A shrinking milieu with growing influence
One argument from the critics stands out in particular: the number of hunting licences in Italy has fallen from 738,000 in the 2016/2017 season to just 155,496 in 2026, dropping from 160,055 to this figure within the last two years alone. Hobby hunters thus make up around one per cent of the Italian population, yet this reform grants them far-reaching new powers. Edgar Meyer of Gaia Animali & Ambiente therefore called the act «a slap in the face of science». He also pointed to a rarely discussed issue: according to an analysis by the association Vittime della Caccia, the past twenty years have counted around 1,937 fatal hunting accidents, including 33 cases in which hobby hunters fatally injured themselves and 13 cases involving uninvolved victims.
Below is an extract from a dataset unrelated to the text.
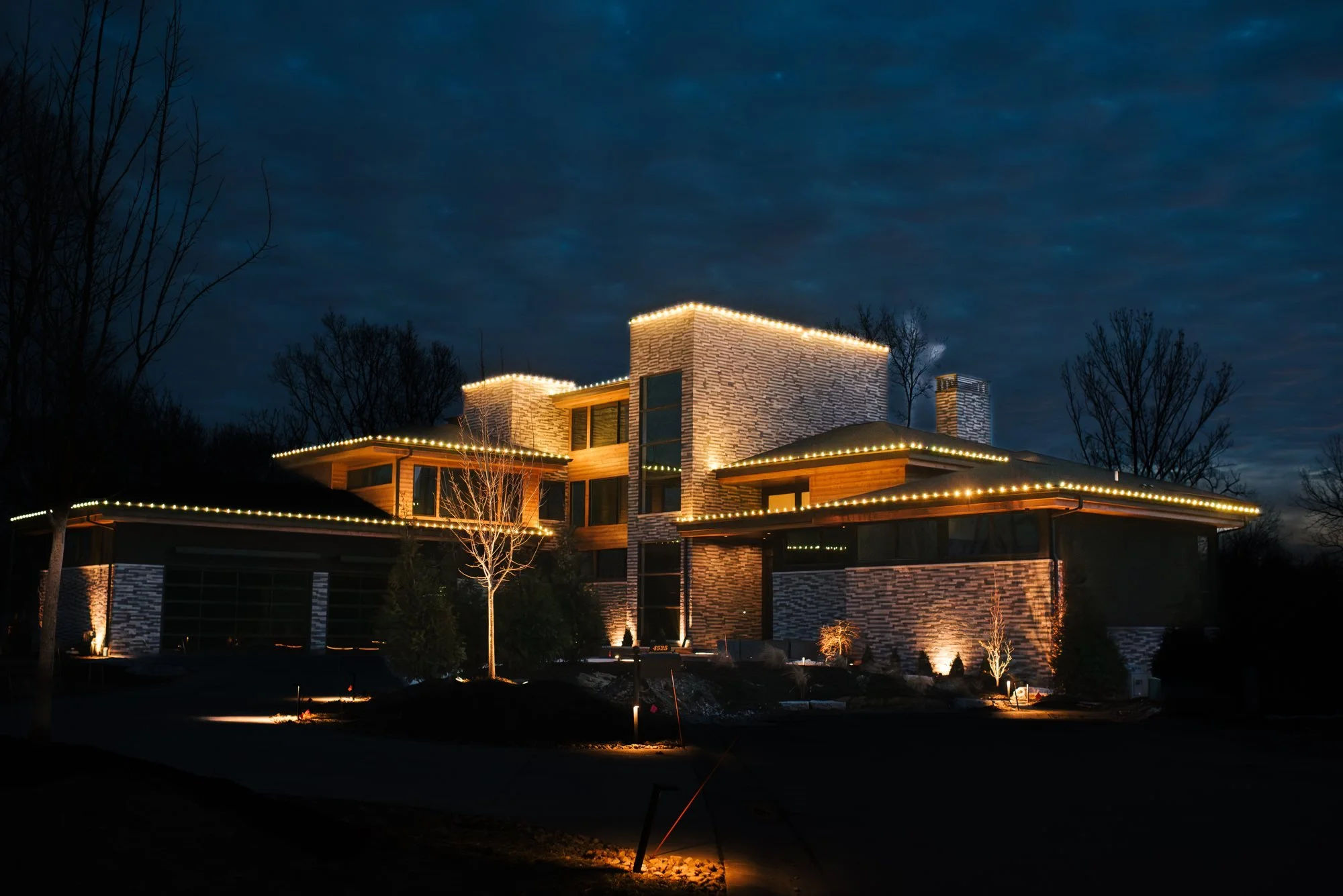 Modern home outlined in permanent warm white lighting at dusk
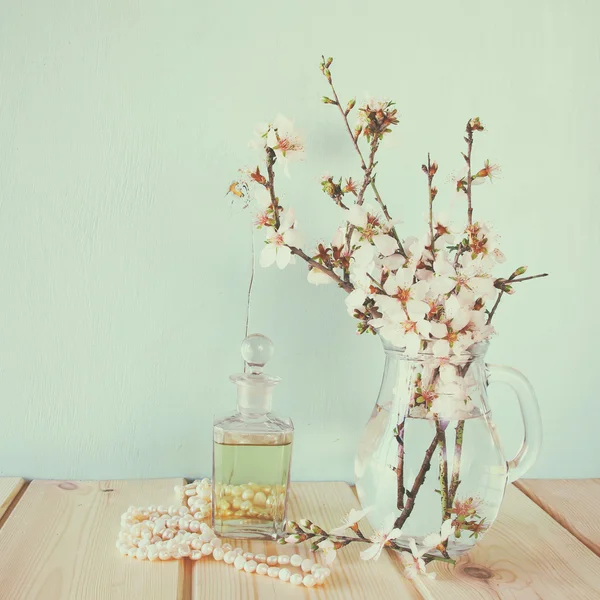Garrafa de perfume vintage fresco ao lado de flores brancas da primavera na mesa de madeira — Fotografia de Stock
In a joint letter to Chamber President Lorenzo Fontana, 57 organisations, including Lav, Leal, Legambiente, Lipu BirdLife Italia, Wwf, Enpa, Greenpeace, Oipa, Lndc and Gaia Animali e Ambiente, have also demanded that, alongside the Agriculture Committee, the Environment Committee be included in the deliberations.
Objection from Brussels
The EU Commission is following the process attentively and has submitted several points of criticism to the Italian government, relating above all to the extension of the hunting season beyond 10 February, the weakening of ISPRA's role, and the planned expansion of live decoy birds. Experts see in this a possible violation of the EU Birds Directive, which mandates comprehensive protection during the most sensitive phases of the reproductive cycle. For the rule on live decoy birds, an EU pilot procedure has already been running since 2023, and a formal letter of notice is pending. The Italian President is also examining whether the wording of the law is compatible with Article 9 of the constitution, amended in 2022, which enshrines the protection of the environment, biodiversity, ecosystems and animals as a state objective. As early as spring, Pope Leo XIV also criticised the hunting reform, and animal welfare associations had even earlier warned against the planned reinterpretation of hobby hunters as environmental educators.
Assessment
The Italian case reveals a pattern also familiar from Switzerland: when scientific expert opinions on hunting regulations are downgraded from binding to advisory, decision-making power shifts from professional evidence to political discretion. What is remarkable about the Italian case, however, is how broad the front has now become: it stretches from animal welfare associations through the two leading scientific societies for birds and mammals right into the ranks of the governing majority itself, where members of parliament such as Rita Dalla Chiesa openly take a stand against their own coalition. Brambilla put it in a nutshell: the fight for nature and biodiversity knows no political colour. The course of the debate in Rome is impressively confirming precisely that.